D’ailleurs les sondages sont là pour consacrer cette embellie pour le RN de Marine Le Pen. Son Image s’est améliorée avec désormais 36% des Français qui en ont une bonne opinion, son meilleur score depuis 2011.

Il faut dire aussi que cette extrême droite ouvertement raciste et xénophobe était aidée dans son ascension par des événements factuels qui ont participé à assombrir l’atmosphère. Une vague d’attentats terroristes des plus meurtriers avait frappé le territoire européen dans le sillage de la guerre internationale contre Daesh. Une crise migratoire des plus aiguës avait menacé les grands équilibres sociaux et politiques des sociétés européennes et interpellé leurs capacités à accueillir les damnés de la terre et à ouvrir leurs bras aux réfugiés politiques et humanitaires. L’extrême droite a joué sur les peurs pour gagner une nouvelle clientèle et s’imposer comme le porte-voix des angoissés.

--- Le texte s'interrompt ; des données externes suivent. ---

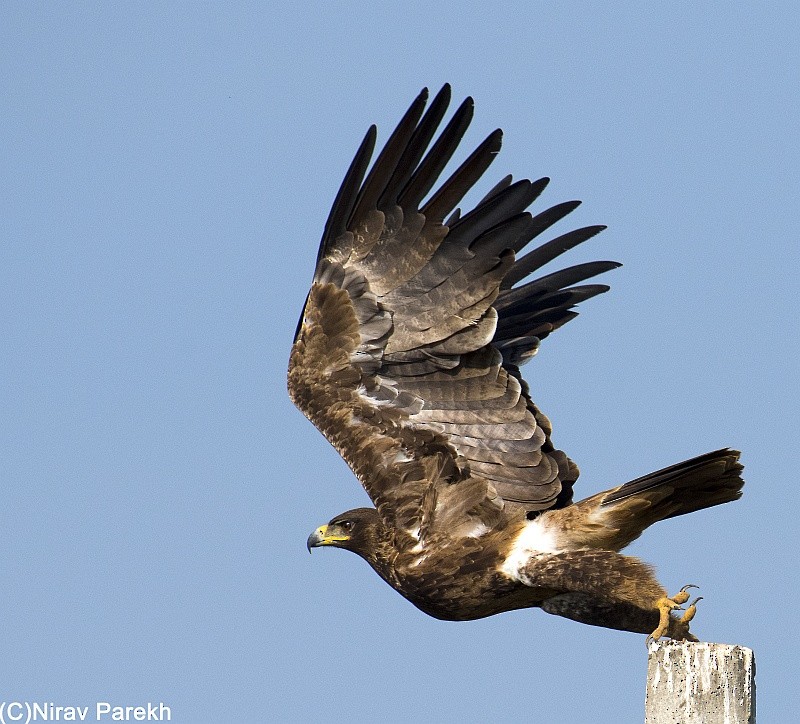 Tawny Eagle - jaysukh parekh Suman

Sur le plan domestique, l’extrême droite semble avoir profité d’une séquence inattendue. Emmanuel Macron qui portait les espoirs d’une France de la bonne gouvernance après celle chahutée et en faillite de François Hollande, fut durement challengé par le mouvement des gilets jaunes. Pendant de longues semaines, quand la violence tout court ne prenait pas le dessus exportant une détestable image de Paris à travers le monde, la violence sociale s’étalait au grand jour.

Les extrêmes ont profité de cette aubaine pour structurer le discours politique et le radicaliser d’avantage. Et si on rajoute à ces données l’inavouable erreur de casting qui consistait à choisir Nathalie Loiseau, une ancienne ministre, au charisme défaillant comme tête de liste, le tableau gagne en grisaille pour le président de la république qui avait fait de la « renaissance » de l’Europe une planche de salut pour son avenir politique. Nathalie Loiseau fut si décriée, si laminée, que ses photos finissent par disparaître du radar de la campagne au profit de celles imprimées en urgence d’Emmanuel Macron, dans le rôle du sauveur de dernière minute. Le pari sur Nathalie Loiseau dutà une erreur personnelle d’Emmanuel Macron alors que de nombreux signaux déconseillaient de l’inscrire dans cette aventure au risque de provoquer un immense rejet.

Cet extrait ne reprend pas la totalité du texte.